The Science Part
Mercury, Venus, Earth and Mars are called terrestrial planets as these have 'land' to stand-on. We may also add moon to the list. Lunar and Mervury surfaces are highly cratered. These craters were formed about 4 billion years ago when the solar system was just born (about 0.3 byr ago) and taking it's present shape. At that time there were large number of small bodies flying in the solar system and naturally colliding with the other planets.
The gaseous planets like Jupiter, Saturn, Uranus and Neptune simply swallowed these debris. But on terrestrial planets these missiles left their mark in the form of a craters.
On planets like the Earth, Venus and Mars most of these makes were eroded by changing weather on these planets. Whereas Mercury and Moon, which have little atmosphere, have retained their poke marks.

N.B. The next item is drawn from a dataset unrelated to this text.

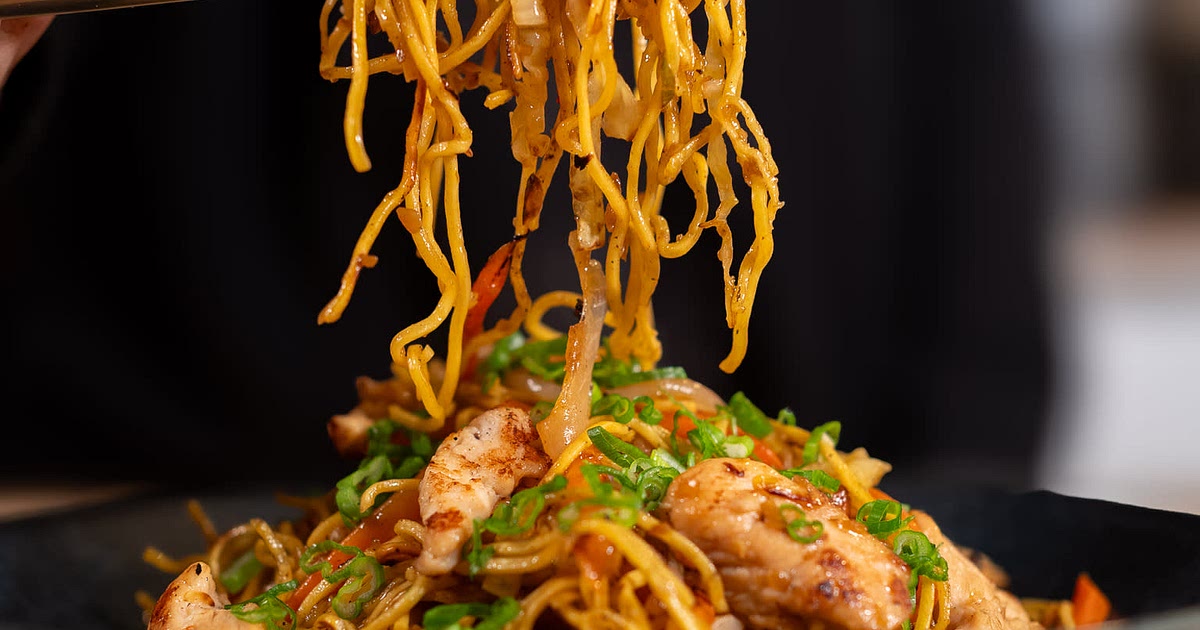 Chili-Garlic Chow Mein Recipe | Samsung Food App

Thus - if one goes exploring planets of other suns and come across a planet which has highly cratered surface then it is quite likely that the planet has little or no atmosphere.
Study of these features on the planets has helped astronomer to get insight into how the surfaces of these planets have evolved over a period of time.
The Fun Part
---->>>> begins from the next step
Step 1: DIY surface of a planet without an atmosphere
For this project we required
A) Quick setting Plaster of Paris ( POP ) available in the hardware shops. Cost of 5 k.g. POP (about 1 USD).
( POP is a white powder that, when mixed with water to form a paste, will turn hard in a few minutes. POP is made by heating gypsum, a mineral composed of calcium sulfate and water. )
B) A cardboard box tray of 20 x 20 x 5 cm. Normally 8 inch pizza comes in a box of this size. We need only one side of the box
C) 250ml cup - a Styrofoam cup will do.
D) A white sheet of paper (standard wall calendar will do).
E) A vessel to mix POP.
F) A pair of rubber gloves (for every player)
Also a few sheet of newspapers, scotch or paper tape to stick the sides of the pizza box if needed.